Exabyte shipments decreased 6 percent Q/Q due to lower unit shipments than last quarter.  Although unit ships of 12.1 million drives were up 3.4 percent Y/Y they were down 10 percent sequentially. The damage was not felt evenly in WD’s three market segments, with cloud, the largest segment, suffering the most:

  • Cloud (hyperscalers and datacenters): 8.3 million and down 10.1 percent Q/Q
  • Client (PCs and OEMS): 1.9 million vs 2.1 million last quarter and down 10 percent Q/Q
  • Consumer (retail): 1.9 million vs 2.1 million last quarter and down 10 percent Q/Q

WD said it shipped 800,000 units of 11-platter drives with capacities up to 26 TB CMR and 32 TB UltraSMR. 

Interestingly, Seagate also reported sequentially lower disk drive shipments a day or so ago, due to a production machinery foul-up. That was not the case with WD.

The three WD market segments had mixed results in revenue terms:

  • Cloud revenue rose 38 percent Y/Y but decreased 4 percent Q/Q to $2 billion, due to a “slight reduction in nearline HDD shipments, reflecting variations in customer deployment timing and supply-demand tightness.”
  • Client revenues of $140 million  dropped 2 percent Y/Y and 2 percent sequentially, partly due to flat HDD performance amid pricing pressures.” 
  • Consumer revenue saw a 4 percent Y/Y decline and more significant 13 percent sequential decline to $173 million, driven by softer demand for HDDs in retail and end-user markets. 

Cloud is the largest and most important segment, representing 87 percent of WD’s revenue. Its coming HAMR technology, supporting 40 TB and beyond capacity drives, will be important there and Tan said: “We are working closely on HAMR with two hyperscale customers and continue to receive encouraging ongoing feedback on our drives.”

He added: “We are looking to start qualification in the second half of calendar year 2026 and then ramping up production at scale in the first half of calendar year 2027.” The two hyperscalers have engineering sample drives.

Tan made the further point that: “There are some rack level changes that will be required for the deployment of HAMR. So, you’re not going to be able to mix and match the drives that easily. Similar to Ultra SMR, there are some whole site software changes that are required as well. But, these are very sophisticated customers. Their datacenter architects are very familiar with what’s needed to be done.”

WD expects to launch 28TB CMR and 36TB SMR drives in the next few months which should please data center customers.

Seagate’s acquisition of HDD platter coating machinery supplier Intevac shouldn’t impact WD. Tan said: “We have obviously two sputtering systems that we use. So, we have resiliency within our technology supply chains.”
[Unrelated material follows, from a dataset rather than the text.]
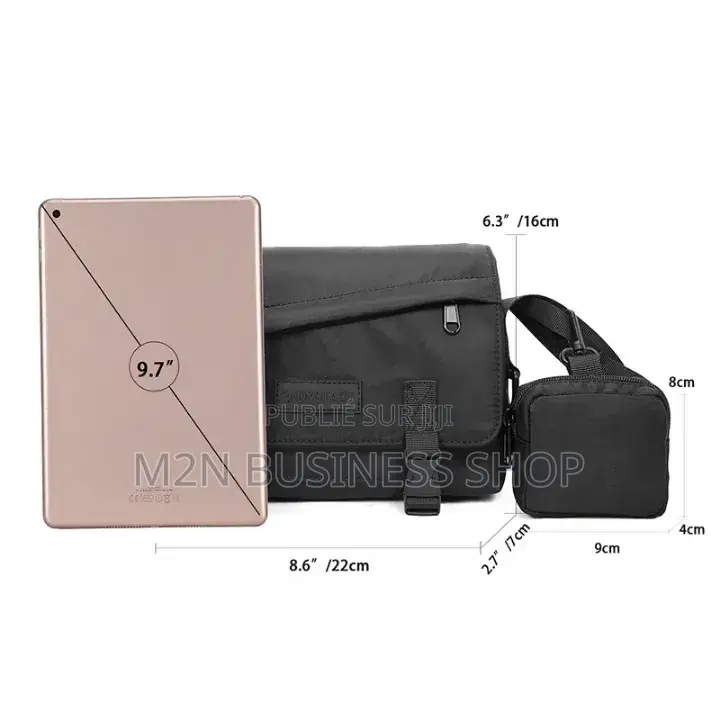 Sacoche Bandoulière Style Streetwear 2-en-1 Avec Mini-Pochette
And then this: “We’re obviously looking out for opportunities in which we can continue to capture even more value and accrete even more value to our products through potential acquisitions and vertical integration.”

Next quarter’s revenue outlook is $2.5 billion +/- $150 million, and a 24.8 percent increase from the year-ago fourth quarter. It is also up sequentially, “driven by sustained strength in data center demand.” That would produce $9.4 billion in full fy2025 revenues compared to $6.3 billion last year; a 49 percent increase.

Interim CFO Don Bennett said: “This guidance includes our current estimate of all anticipated or known tariff related impacts on our business in this period.” Tan emphasized: “We continue to maintain strong conviction in the business, and are confident that we will weather this uncertainty and come out even stronger.”